Dataset:
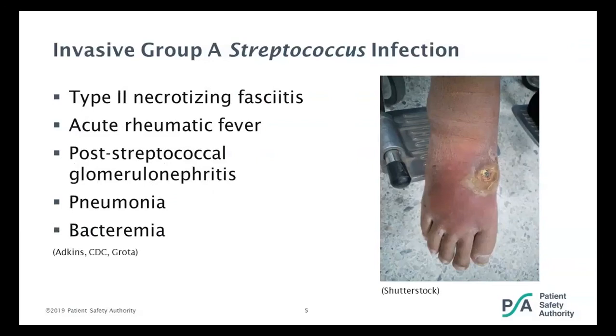The invasion of strep pyogenes, or group A strep, into the fascia can cause necrotizing fasciitis, which is what the picture on the slide is — a picture that started out as a diabetic ulcer and spread into severe cellulitis and then necrotizing fasciitis. This may continue to spread until it becomes a life-threatening condition that requires surgery. Certain strains release toxins that lead to even more severe tissue damage. When we're talking invasive infections, we're talking necrotizing fasciitis, acute rheumatic fever, post-streptococcal glomerulonephritis, pneumonia, or bacteremia.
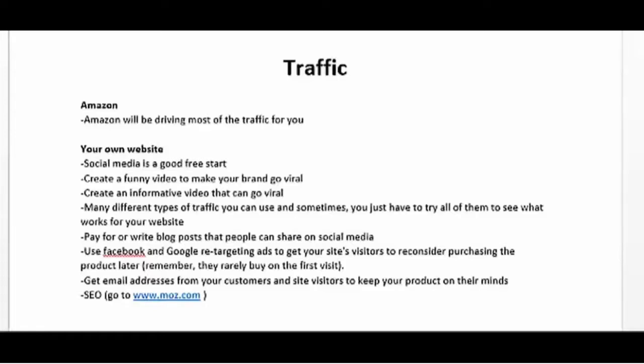In terms of free traffic methods, you may want to try social media. There's always a chance that one of your social media campaigns will go viral. You can also create a funny video to make your brand go viral, or create an informative video that explains why people need your product — and this video has the potential to go viral as well.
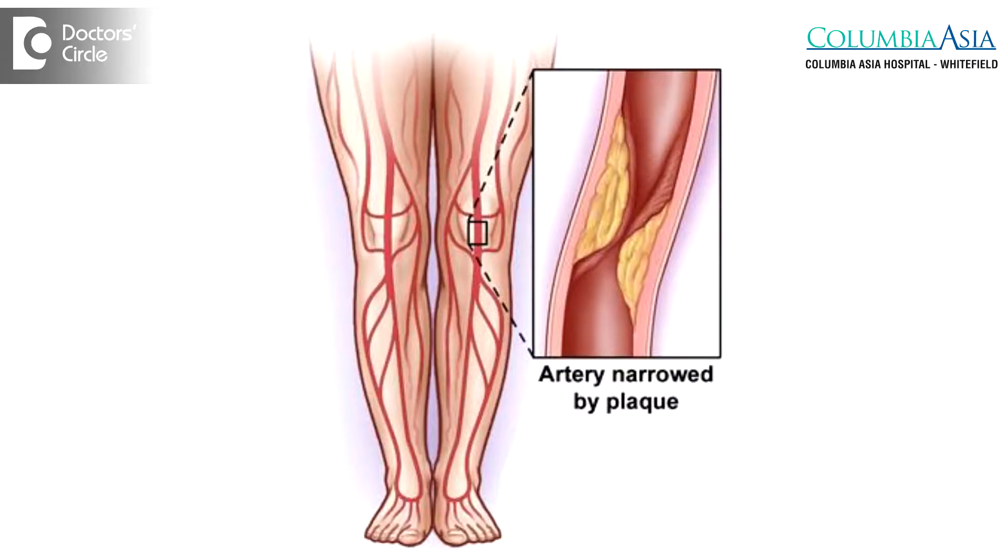As these blocks get bigger and bigger, patients start having symptoms. This is called claudication. By definition, claudication means limp. Because the blood supply to the leg is reduced, when the patient walks or exercises, they tend to have pain in their legs. In the initial stages of claudication, they experience pain but are still able to walk after taking a little bit of rest. As the blocks in their legs get worse and become almost complete, claudication becomes unbearable and the patients are not able to walk even for little distances.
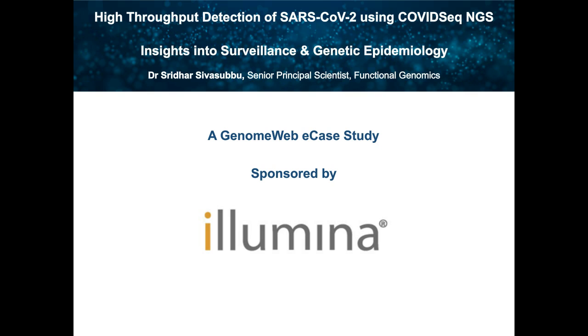Alison Baksh, Marketing Manager at GenomeWeb, and I'll be your moderator today. The title of today's session is High-Throughput Detection of SARS-CoV-2 Using COVID-Seq Next Generation Sequencing, Insights into Surveillance and Genetic Epidemiology.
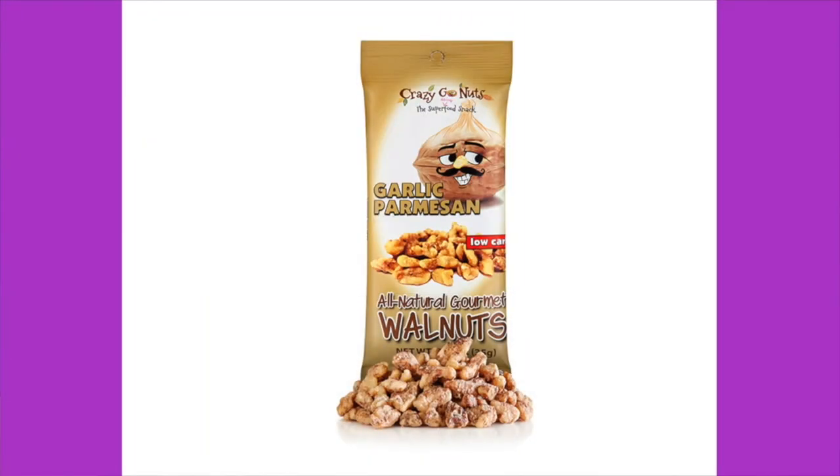Next: Crazy Go Nuts Garlic Parmesan Walnuts — I've had these and they're amazing, but don't eat them before kissing somebody because the garlic will cause you to lose some friendships! Ingredients: walnuts, parmesan cheese powder (dehydrated parmesan cheese, part skim milk, cheese culture, salt, enzymes), whey, buttermilk solids, sodium phosphate, salt, garlic salt, and onion powder. Nutrition: 220 calories, 22 grams of fat, 5 grams of protein, 6 total carbs, 2 grams of dietary fiber — four net carbs. Price: $2, very nice.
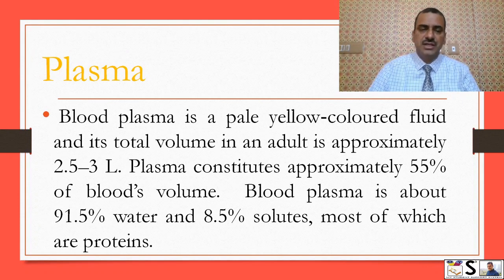What is plasma? Blood plasma is a pale yellow colored fluid, and its total volume in an adult is approximately 2.5 to 3 litres, meaning plasma constitutes approximately 55 percent of blood. Blood plasma contains approximately 91.5 percent water and 8.5 percent solutes, most of which are proteins.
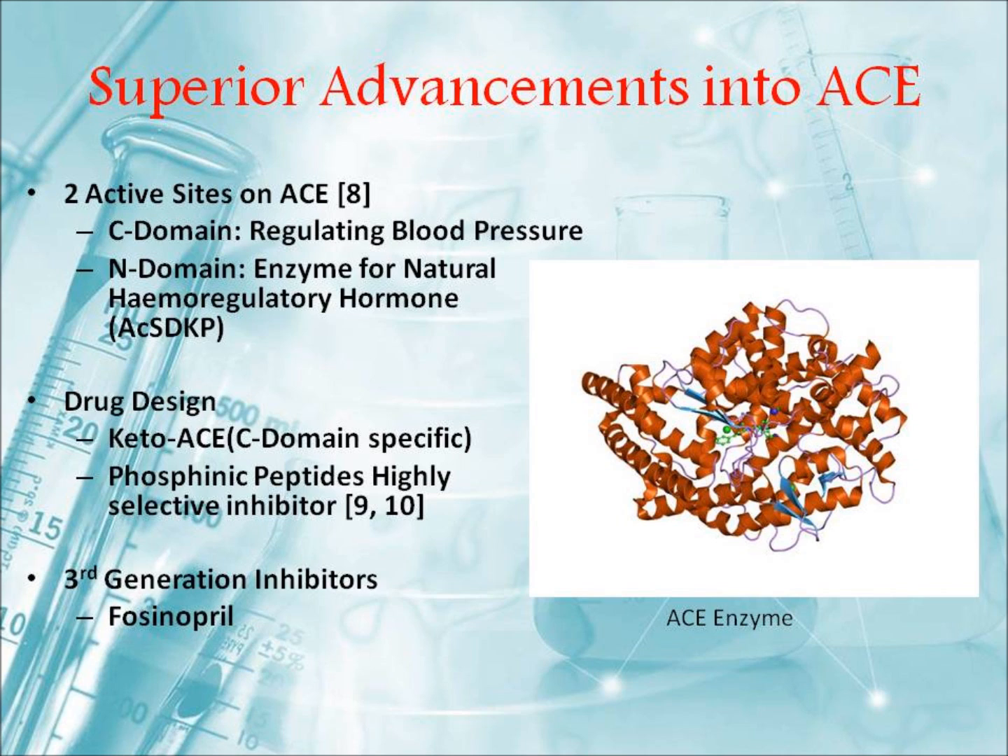Overall, the superior advancements into these drugs have driven scientists to the dedication of providing more efficient drug designs. Probably the most major milestone as of yet is the discovery of two unique active sites on the angiotensin-converting enzyme: the C domain, which is involved in the regulation of blood pressure, and the N-site, having the possibility to open new therapeutic gateways. The N-site also acts as an enzyme involved in metabolizing a homoregulatory hormone. The determination for the development of more third generation drugs such as Fosinopril is the main driving force in today's pharmaceutical industry in utilizing these unique methods.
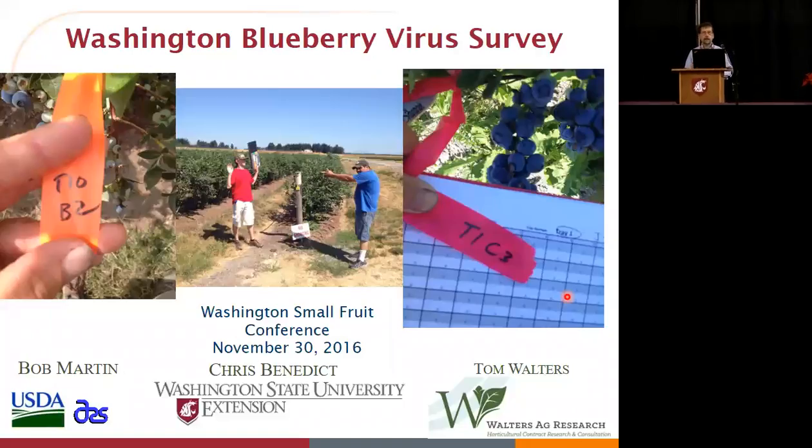We looked at what parts of the state and what aphid vectors are there as well. Bob did all of the hard work, all of the laboratory work on this. I coordinated collecting the samples from different fields, and Chris did the aphid collection work. He's going to talk about the aphid work in a little bit. I'm just going to show you a couple of slides about the viruses. We went to a number of fields in Skagit County, Whatcom County, and in Central Washington — three parts of the state where we grow a lot of blueberries.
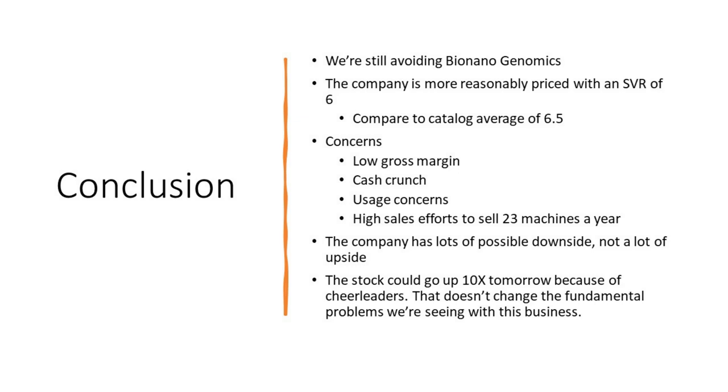To conclude, we're still avoiding Bionanogenomics. The company's more reasonably priced today with a simple valuation ratio of 6, compared to our catalog average of 6.5 — so they're not overvalued. But we have concerns: consistently low gross margins, a cash crunch, consumables usage not growing, and a large sales effort needed to sell just 23 machines per quarter. This company has lots of possible downside and not a lot of upside. The stock could go up 10x tomorrow because of the cheerleaders, but that doesn't change the fundamental problems. We invest in companies, not stocks.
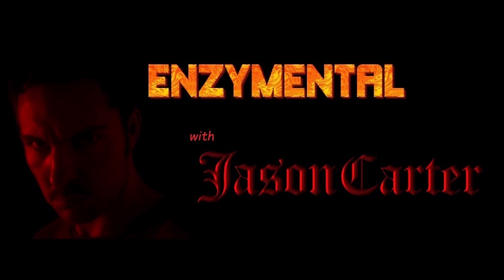Thanks for watching. I'm Jason Carter, and I'll see you next time on Enzyme Mental. Stay healthy.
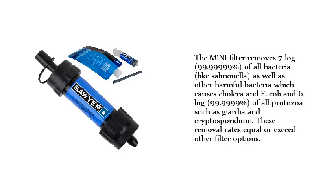The Sawyer Mini filter removes 7-log (99.99999%) of all bacteria like salmonella, as well as other harmful bacteria which cause cholera and E. coli, and 6-log (99.9999%) of all protozoa such as giardia and cryptosporidium. These removal rates equal or exceed other filter options.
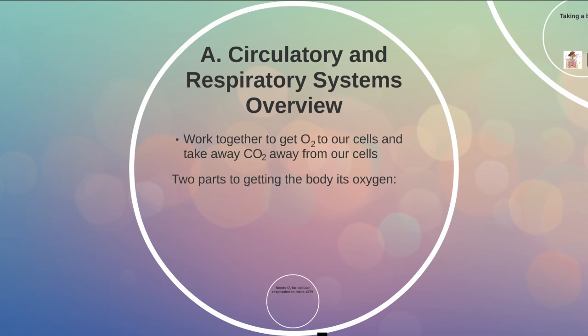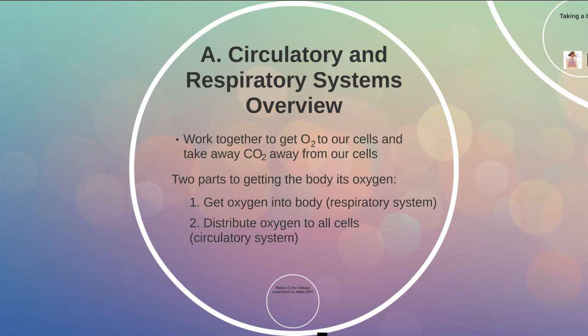There are two parts to getting the body the oxygen that it needs. First, we have to get oxygen into the body — that's going to be the responsibility of the respiratory system. Then we need to distribute that oxygen to all the individual cells, and that's going to be the responsibility of the circulatory system.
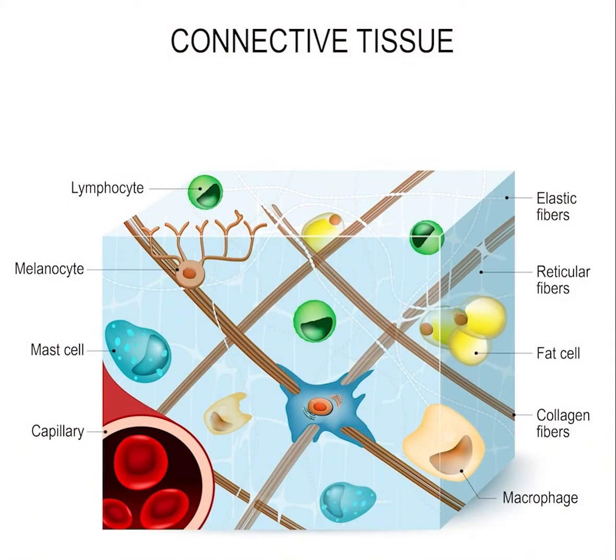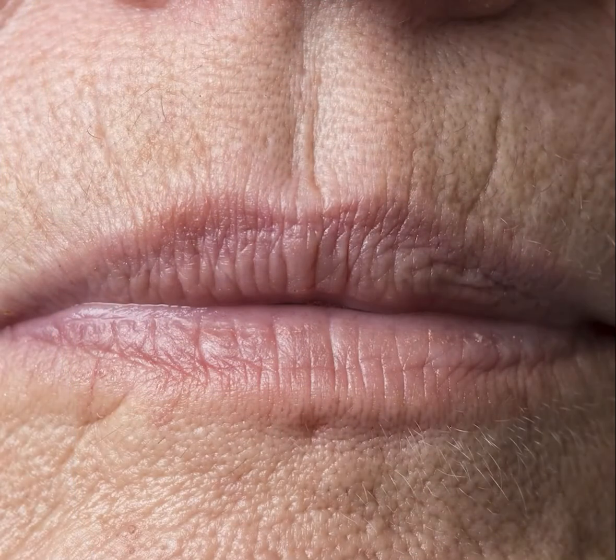Remember, MMPs break down collagen, elastin, and a host of other proteins. When you have a large amount of MMPs, they destroy all of the fibers in the matrix — not just the damaged old ones. You end up with issues like hot, itchy skin, diffused redness, slow wound healing, pigmentation, eczema, psoriasis, vertical lines above the eyelids, the upper lip, and even the decollete. And that's just to name a few.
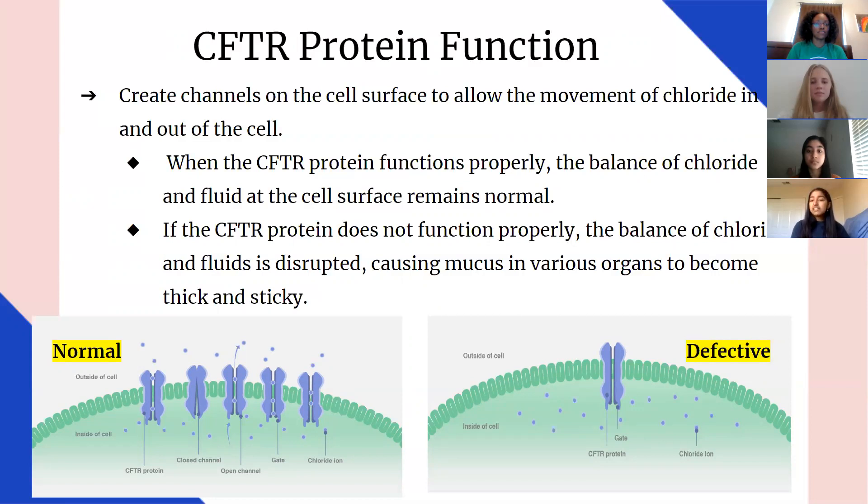As can be seen by the image on the left, when the CFTR protein functions properly, the balance of chloride and fluid at the cell surface remains normal. However, if you look on the right, you can see when the CFTR protein does not function properly and there is a mutation. The balance of chloride and fluids is disrupted, causing mucus in various organs to become thick and sticky, causing various cases of cystic fibrosis.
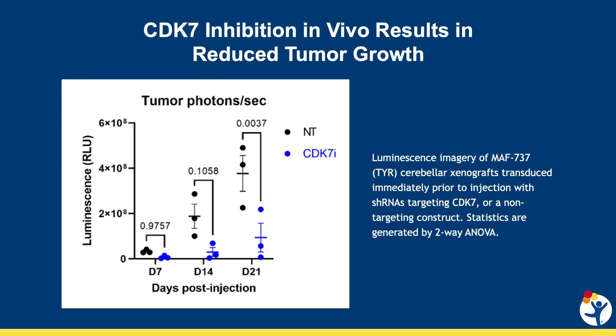We are also able to show that CDK7 inhibition works in vivo in our mouse models. We measured how much a tumor implanted in a mouse brain would grow with either no treatment or with genetically blocking CDK7. It is clear that after only three weeks, CDK7-inhibited cells grew much less than those with a normal CDK7.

Task item:
Transcribe only the lines above that start at the line containing "Alison Baksh, Marketing" and end at the line containing "Next: Crazy Go". Omit pictures.

Solution for this task:
Alison Baksh, Marketing Manager at GenomeWeb, and I'll be your moderator today. The title of today's session is High-Throughput Detection of SARS-CoV-2 Using COVID-Seq Next Generation Sequencing, Insights into Surveillance and Genetic Epidemiology.
Next: Crazy Go Nuts Garlic Parmesan Walnuts — I've had these and they're amazing, but don't eat them before kissing somebody because the garlic will cause you to lose some friendships! Ingredients: walnuts, parmesan cheese powder (dehydrated parmesan cheese, part skim milk, cheese culture, salt, enzymes), whey, buttermilk solids, sodium phosphate, salt, garlic salt, and onion powder. Nutrition: 220 calories, 22 grams of fat, 5 grams of protein, 6 total carbs, 2 grams of dietary fiber — four net carbs. Price: $2, very nice.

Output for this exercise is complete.